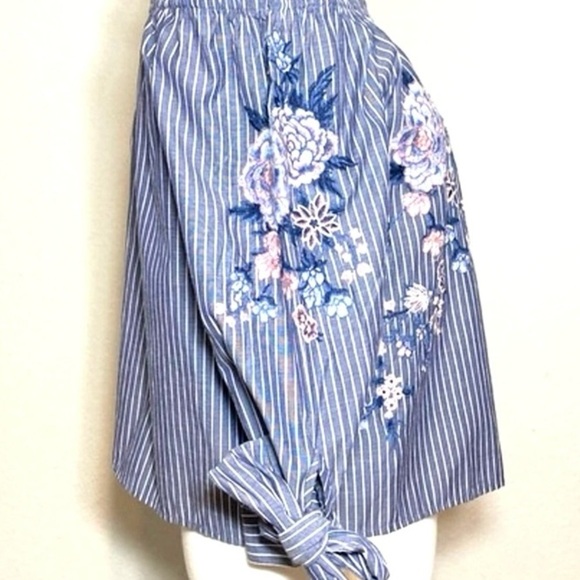 American Eagle Outfitters Striped Embroidered Floral Boho Top - Blue and Pink - Picture 8 of 13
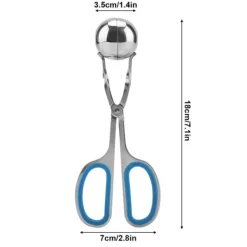 Rostfritt Stål Icke-klibbiga Köttbullar Risbollar Klipp Maker Form Köksverktyg (Blå)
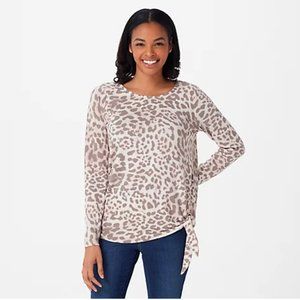 Belle by Kim Gravel Leopard Hacci Grommet Side-Tie Top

____

WORK TO BE COMPLETED: All of the data is to be transcribed exactly, with images omitted.

EXERCISE ANSWER:
 American Eagle Outfitters Striped Embroidered Floral Boho Top - Blue and Pink - Picture 8 of 13
 Rostfritt Stål Icke-klibbiga Köttbullar Risbollar Klipp Maker Form Köksverktyg (Blå)
 Belle by Kim Gravel Leopard Hacci Grommet Side-Tie Top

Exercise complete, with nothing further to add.